While exciting, Canada’s position as a global leader is not assured. Canada must work together – universities, governments and the corporate sector – to capitalize on our strengths and preserve the gains we’ve made. As the global AI race intensifies, the question will be how Canada can continue to compete with staggering capital investments in China, the United States and Europe.

Two answers seem obvious. First, Canada’s ongoing research will make us a hub for global developments and a place for the best and brightest to learn and work. As the whole world scrambles to identify and mobilize AI talent, we’ve already got one of the best scientific research foundations on the planet.

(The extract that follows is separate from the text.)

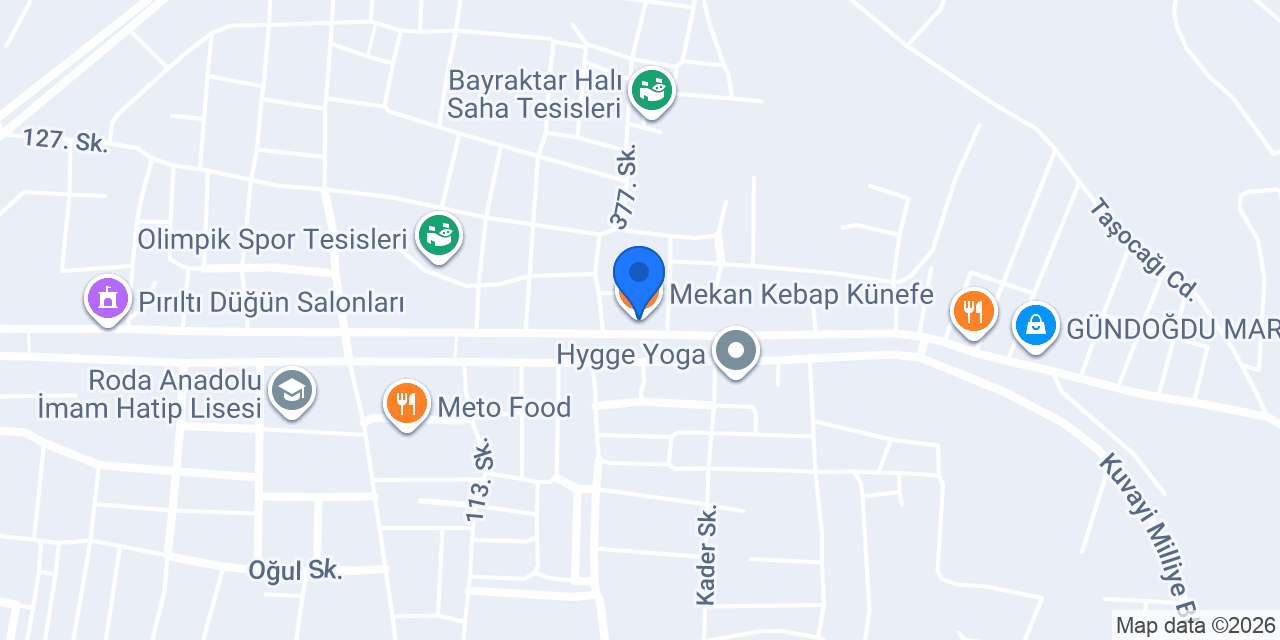 Mekan Kebap Künefe konumu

Continuing to invest in talent development is a smart and efficient way of ensuring that more jobs, prosperity and economic spinoffs continue here.

Second, we must carefully direct scarce resources towards existing strengths – including health care, finance, energy, environment, transportation and agriculture. AI has the potential to revolutionize these sectors. With focused investment, these sectors will become even more competitive, while also securing Canada’s reputation as a global AI leader. Breakthroughs could be Canada’s next great export.

Over the next decade, AI will reshape our economies, society and environment. Continued investment will be critical, but we need to do more. Canadian governments, industry and universities must work together to identify and exploit opportunities where Canada can play a leadership role in redefining the future.